Binary Tree Postorder Traversal

Question: (68) Binary Tree Postorder Traversal

Given a binary tree, return the postorder traversal of its nodes' values.

Example
Given binary tree {1,#,2,3},

   1
    \
     2
    /
   3


return [3,2,1].

Challenge
Can you do it without recursion?

题解 - 递归

首先使用递归便于理解。

C++ Recursion

/**
 * Definition of TreeNode:
 * class TreeNode {
 * public:
 *     int val;
 *     TreeNode *left, *right;
 *     TreeNode(int val) {
 *         this->val = val;
 *         this->left = this->right = NULL;
 *     }
 * }
 */
class Solution {
    /**
     * @param root: The root of binary tree.
     * @return: Postorder in vector which contains node values.
     */
public:
    vector<int> postorderTraversal(TreeNode *root) {
        vector<int> result;

        traverse(root, result);

        return result;
    }

private:
    void traverse(TreeNode *root, vector<int> &ret) {
        if (root == NULL) {
            return;
        }

        traverse(root->left, ret);
        traverse(root->right, ret);
        ret.push_back(root->val);
    }
};

题解 - 迭代

使用递归写后序遍历那是相当的简单，我们来个不使用递归的迭代版。
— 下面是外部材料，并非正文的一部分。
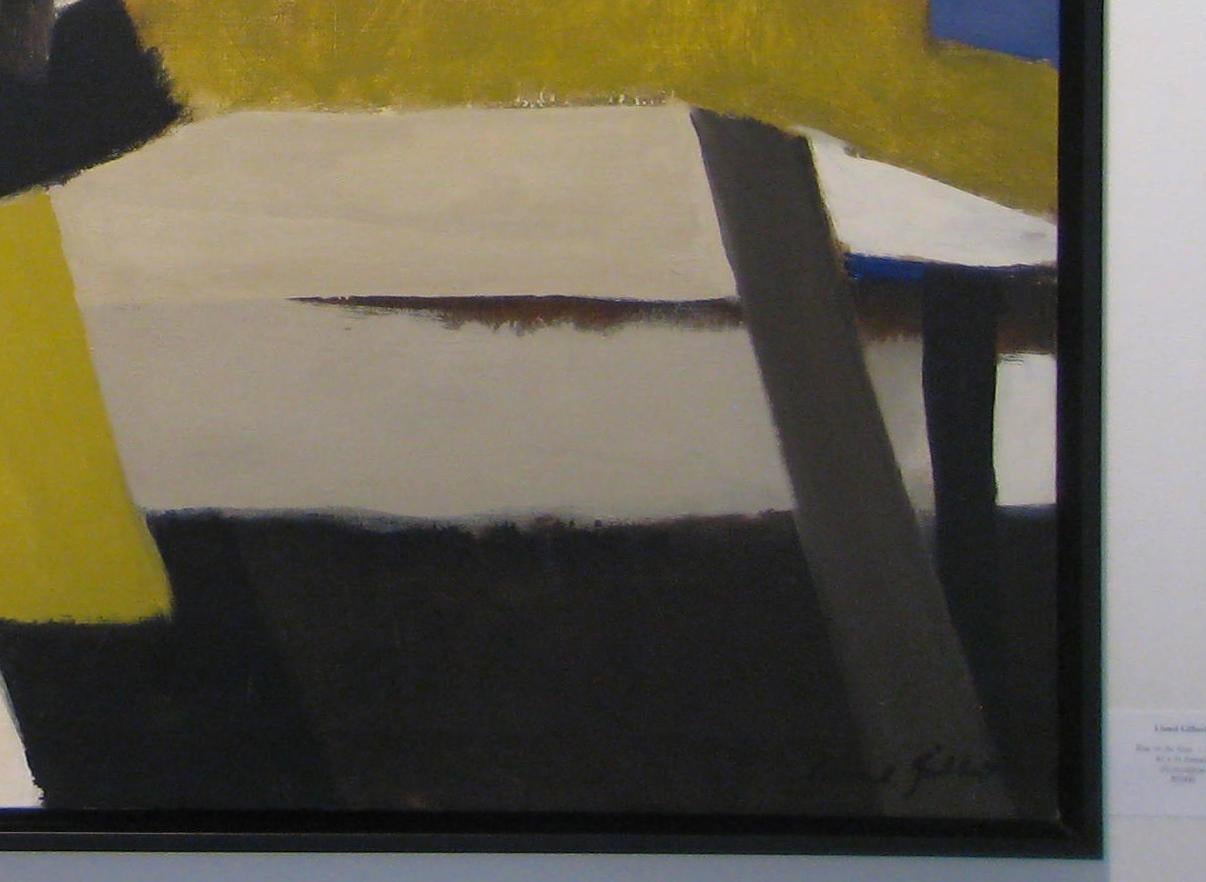 Mid-century modern inspired abstract still life painting on canvas by New York City artist, Lionel Gilbert, c. 1965
oil on canvas with custom black floater frame (Larson Juhl)
41 x 50 x 2 inches framed

This horizontal painting was painted by Lionel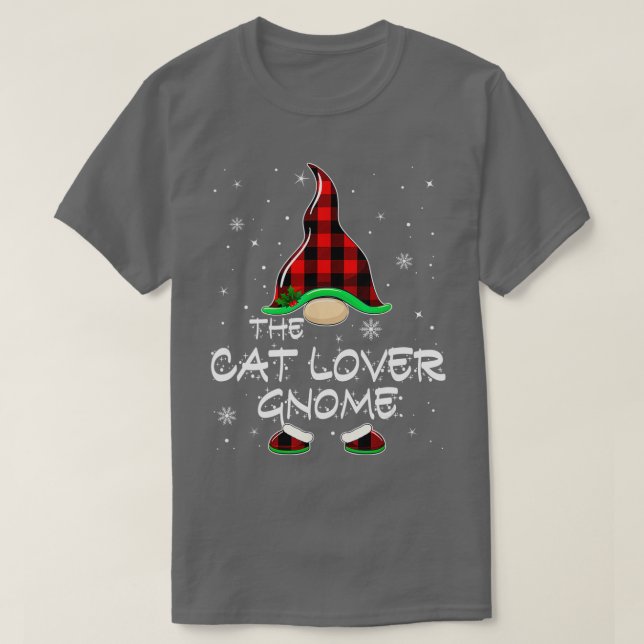 Camiseta The Cat Lover Gnome Buffalo Plaid Matching Family  (Diseño del anverso)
整体思路仍然为「左右根」，由于是最后才将元素取出。因此需要区分左右的访问记录。

C++ Iteration

/**
 * Definition of TreeNode:
 * class TreeNode {
 * public:
 *     int val;
 *     TreeNode *left, *right;
 *     TreeNode(int val) {
 *         this->val = val;
 *         this->left = this->right = NULL;
 *     }
 * }
 */
class Solution {
    /**
     * @param root: The root of binary tree.
     * @return: Postorder in vector which contains node values.
     */
public:
    vector<int> postorderTraversal(TreeNode *root) {
        vector<int> result;
        const TreeNode *prevNode = NULL;
        const TreeNode *currNode = root;
        stack<const TreeNode *> s;

        if (root == NULL) {
            return result;
        }

        s.push(root);
        while (!s.empty()) {
            currNode = s.top();
            if (prevNode == NULL || prevNode->left == currNode || prevNode->right == currNode) {
                // traverse down the tree (left first)
                if (currNode->left) {
                    s.push(currNode->left);
                } else if (currNode->right) {
                    s.push(currNode->right);
                }
            } else if (currNode->left == prevNode) {
                // traverse up the tree from the left to right
                // the left node has been visited
                if (currNode->right) {
                    s.push(currNode->right);
                }
            } else {
                // traverse up the tree from the right
                // visit current node
                result.push_back(currNode->val);
                s.pop();
            }

            prevNode = currNode;
        }

        return result;
    }
};

源码解析

使用prevNode记录之前的访问节点，currNode记录目前正在访问/操作的节点。每次进入while循环时给currNode赋值，结束时prevNode = currNode.

将递归写成迭代的难点在于如何在迭代中体现递归本质及边界条件的确立，可使用简单示例和纸上画出栈调用图辅助分析。